2025-10-10 Polynomial Interpolation¶

Interpolation using polynomials
Structure of generalized Vandermonde matrices
Conditioning of interpolation and Vandermonde matrices
Choice of points and choice of basis

See the FNC

[1]:

using LinearAlgebra
using Plots
using Polynomials
default(lw=4, ms=5, legendfontsize=12, xtickfontsize=12, ytickfontsize=12)
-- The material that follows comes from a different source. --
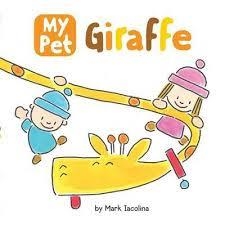 MY PET GIRAFFE | 9780843171914 | MARK LACOLINA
# Here's our Vandermonde matrix again
function vander(x, k=nothing)
    if isnothing(k)
        k = length(x)
    end
    m = length(x)
    V = ones(m, k)
    for j in 2:k
        V[:, j] = V[:, j-1] .* x
    end
    V
end

# Our visualization aids
# Let's use the peanut blob again
function peanut()
    theta = LinRange(0, 2*pi, 50)
    r = 1 .+ .4*sin.(3*theta) + .6*sin.(2*theta)
    r' .* [cos.(theta) sin.(theta)]'
end

# and a perfect circle
function circle()
    theta = LinRange(0, 2*pi, 50)
    [cos.(theta) sin.(theta)]'
end

function Aplot(A)
    "Plot a transformation from X to Y"
    X = peanut()
    Y = A * X
    p = scatter(X[1,:], X[2,:], label="in")
    scatter!(p, Y[1,:], Y[2,:], label="out")
    X = circle()
    Y = A * X
    q = scatter(X[1,:], X[2,:], label="in")
    scatter!(q, Y[1,:], Y[2,:], label="out")
    plot(p, q, layout=2)
end

[1]:

Aplot (generic function with 1 method)

What is interpolation?¶

Given data \(\left( x_i, y_i \right)\), find a (smooth?) function \(f \left( x \right)\) such that \(f \left( x_i \right) = y_i\).

Data in¶

Direct field observations/measurements of physical or social system
Numerically processed observations, perhaps by applying physical principles
Output from an expensive “exact” numerical computation
Output from an approximate numerical computation

Function out¶

Polynomials
Piecewise polynomials (includes nearest-neighbor)
Powers and exponentials
Trigonometric functions (sine and cosine)
Neural networks

Interpolation fits the data exactly!

Polynomial interpolation¶

We’ve seen how we can fit a polynomial using Vandermonde matrices, with one column per basis function and one row per observation.

\[\underbrace{\Bigg[ 1 \Bigg| x \Bigg| x^2 \Bigg| x^3 \Bigg]}_{A \in \mathbb R^{m\times n}} \Bigg[ \mathbf p \Bigg] = \Bigg[ \mathbf y \Bigg]\]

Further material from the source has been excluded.